Find "Watch This Before" in the data, then restate the line it sits in and every later line word for word, ending with the last line.

Segment Open

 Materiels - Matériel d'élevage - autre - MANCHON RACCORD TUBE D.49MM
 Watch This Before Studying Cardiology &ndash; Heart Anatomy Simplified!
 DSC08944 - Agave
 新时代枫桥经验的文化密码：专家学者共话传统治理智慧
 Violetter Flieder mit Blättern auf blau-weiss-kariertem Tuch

Segment Closed

* _Written response_:
 Watch This Before Studying Cardiology &ndash; Heart Anatomy Simplified!
 DSC08944 - Agave
 新时代枫桥经验的文化密码：专家学者共话传统治理智慧
 Violetter Flieder mit Blättern auf blau-weiss-kariertem Tuch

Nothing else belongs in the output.